Published: 09th October 2018
Magsaysay winner Sonam Wangchuk on growing up in Ladakh, running away to Delhi and returning to transform the land
Sonam Wangchuk, better known as the real-life Phunsuk Wangdu tells us tales from his childhood that have made him what he is today
A few years ago, people only knew Sonam Wangchuk as the professor who inspired Aamir Khan's very famous Phunsuk Wangdu in the movie Three Idiots. But that isn't the case now. Everyone knows the 2018 Ramon Magsaysay award winner as someone who changed the face of Ladakh with the revolutionary Ice Stupa project, a method to conserve water in the form of an artificial glacier. He is also set to build an alternative university in Ladakh, called the Himalayan Institute of Alternatives, Ladakh (HIAL), he calls it the University of the future, which would help in solving the problems of the mountain people.
But this is all present. What was Wangchuk's past like? How was it to grow up in an ice desert that is isolated from most big cities? I was curious, like the hundreds who were present at a Rotary Club of Madras event in Chennai a few days ago. He was more than eager to share. For me, this was a deja vu moment - the one that I had when I turned the pages of Roald Dahl's Boy: The Tales From Childhood, a long time ago. I felt like I had been transported to a different world, far far away, a few decades back in time.
For someone who didn't go to school until he was eight, Wangchuk jokes that his real learning ended when he started going to school. Was it really a joke? I don't know. "Back home, I spoke Ladakhi and in school, lessons were taught to us in Urdu, an unknown language. Most of our teachers weren't even proficient enough in Urdu and this was a huge hurdle," he recalls. That wasn't the end. After high school, the students made a shift from Urdu to learning everything in English. "I wasn't a good student and I was always told that I couldn't do anything. I was often sent out of the classroom, but ironically, I learned more things standing outside. I was an out-standing student, you know!" he laughs.
Award time: Wangchuk won the Rolex Award for enterprise in 2016
Very soon, he knew that he was meant for bigger things and that's when the first line in Wangchuk's book of rebellion was written. He ran away to Delhi, to join a school where his brothers studied. "This wasn't a great school.
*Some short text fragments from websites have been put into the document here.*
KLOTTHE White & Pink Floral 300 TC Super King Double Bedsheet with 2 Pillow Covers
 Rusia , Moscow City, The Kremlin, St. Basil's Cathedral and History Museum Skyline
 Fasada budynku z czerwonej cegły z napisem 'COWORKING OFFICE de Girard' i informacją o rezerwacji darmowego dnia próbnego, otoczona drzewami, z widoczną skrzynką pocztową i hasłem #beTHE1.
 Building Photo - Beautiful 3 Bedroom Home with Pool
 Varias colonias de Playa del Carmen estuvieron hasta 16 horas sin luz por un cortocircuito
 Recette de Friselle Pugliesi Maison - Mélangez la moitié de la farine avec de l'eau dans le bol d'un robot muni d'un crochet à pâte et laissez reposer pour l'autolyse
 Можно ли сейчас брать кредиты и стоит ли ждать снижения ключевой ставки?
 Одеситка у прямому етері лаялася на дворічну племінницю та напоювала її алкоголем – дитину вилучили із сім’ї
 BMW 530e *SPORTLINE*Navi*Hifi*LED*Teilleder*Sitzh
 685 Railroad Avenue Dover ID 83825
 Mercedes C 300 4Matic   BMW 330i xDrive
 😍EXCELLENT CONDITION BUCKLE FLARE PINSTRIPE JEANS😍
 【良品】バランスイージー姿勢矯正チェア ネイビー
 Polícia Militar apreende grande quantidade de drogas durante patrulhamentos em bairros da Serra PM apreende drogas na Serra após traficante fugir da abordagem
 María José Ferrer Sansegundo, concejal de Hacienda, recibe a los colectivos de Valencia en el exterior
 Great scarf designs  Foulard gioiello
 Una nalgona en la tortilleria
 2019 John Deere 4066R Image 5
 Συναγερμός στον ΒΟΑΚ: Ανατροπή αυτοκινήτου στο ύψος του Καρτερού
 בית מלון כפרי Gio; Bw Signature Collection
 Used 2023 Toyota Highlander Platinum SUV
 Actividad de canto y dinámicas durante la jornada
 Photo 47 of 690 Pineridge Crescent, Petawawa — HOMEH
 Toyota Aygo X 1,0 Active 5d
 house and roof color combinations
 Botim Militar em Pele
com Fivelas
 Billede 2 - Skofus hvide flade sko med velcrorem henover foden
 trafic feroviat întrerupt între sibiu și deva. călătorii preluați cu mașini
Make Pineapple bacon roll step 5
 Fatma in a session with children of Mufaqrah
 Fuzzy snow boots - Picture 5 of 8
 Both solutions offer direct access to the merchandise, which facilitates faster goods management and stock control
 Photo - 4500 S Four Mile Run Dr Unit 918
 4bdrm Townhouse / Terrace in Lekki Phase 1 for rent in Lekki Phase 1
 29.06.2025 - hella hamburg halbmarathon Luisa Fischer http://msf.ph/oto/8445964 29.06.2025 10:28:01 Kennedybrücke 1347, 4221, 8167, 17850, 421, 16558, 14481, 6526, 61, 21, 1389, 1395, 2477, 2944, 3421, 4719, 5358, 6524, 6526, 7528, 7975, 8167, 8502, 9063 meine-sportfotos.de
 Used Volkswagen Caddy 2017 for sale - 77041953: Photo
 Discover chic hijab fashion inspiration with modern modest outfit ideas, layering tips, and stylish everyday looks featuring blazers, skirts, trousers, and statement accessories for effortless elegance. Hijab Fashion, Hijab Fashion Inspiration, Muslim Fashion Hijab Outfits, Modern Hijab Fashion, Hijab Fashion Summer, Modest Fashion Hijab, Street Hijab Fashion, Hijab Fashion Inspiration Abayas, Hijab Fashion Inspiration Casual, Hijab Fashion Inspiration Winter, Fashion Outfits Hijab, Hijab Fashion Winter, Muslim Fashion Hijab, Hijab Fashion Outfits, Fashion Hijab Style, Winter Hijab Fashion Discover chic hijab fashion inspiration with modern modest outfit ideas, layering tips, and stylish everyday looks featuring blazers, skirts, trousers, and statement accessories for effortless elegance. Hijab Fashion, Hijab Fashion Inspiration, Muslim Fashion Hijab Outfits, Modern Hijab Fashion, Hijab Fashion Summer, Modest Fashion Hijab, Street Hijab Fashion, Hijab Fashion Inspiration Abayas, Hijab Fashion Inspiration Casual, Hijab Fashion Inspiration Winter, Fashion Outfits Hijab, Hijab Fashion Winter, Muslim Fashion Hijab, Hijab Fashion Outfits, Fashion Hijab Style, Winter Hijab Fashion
It was very poorly funded, but it had the best teachers. Now here, in Delhi, school starts late compared to Ladakh and so I'd already learned a few chapters. So I'd always answer in class and was the teacher's pet instantly," he says. That was when it hit little Wangchuk that kindness can do wonders to inspire a child to do better. "Now all the teachers thought of me as an intelligent child and I couldn't let my reputation go bad. So I started studying harder and graduated with really good grades," he says.
Keen about changing things back home in Ladakh and to help better the infrastructure, Wangchuk wanted to study Mechanical Engineering. But his father suggested that he study Civil Engineering instead and try for a government job. What followed was a heated debate which led to Wangchuk's father asking him to fund his education on his own. "I said okay and that was the easy part. Tough part? Finding the money," he recalls. That was when he tried his hand at tutoring. Wangchuk remembers how he rented a hotel to start a tuition centre, where he employed a method of training good students to teach the weaker ones. The centre was a success and he ended up making money for his entire course in a short span of time.
Cut to 2018, Wangchuk is certain that changes have to be brought to our education system. To begin with, he suggests that every child gets their schooling in their mother tongue."Our education system is 300 years outdated. Schools must not limit our desires but mend our life," he says. Also, Wangchuk has a solution to deal with the hectic education system. Wonder what? Take a break!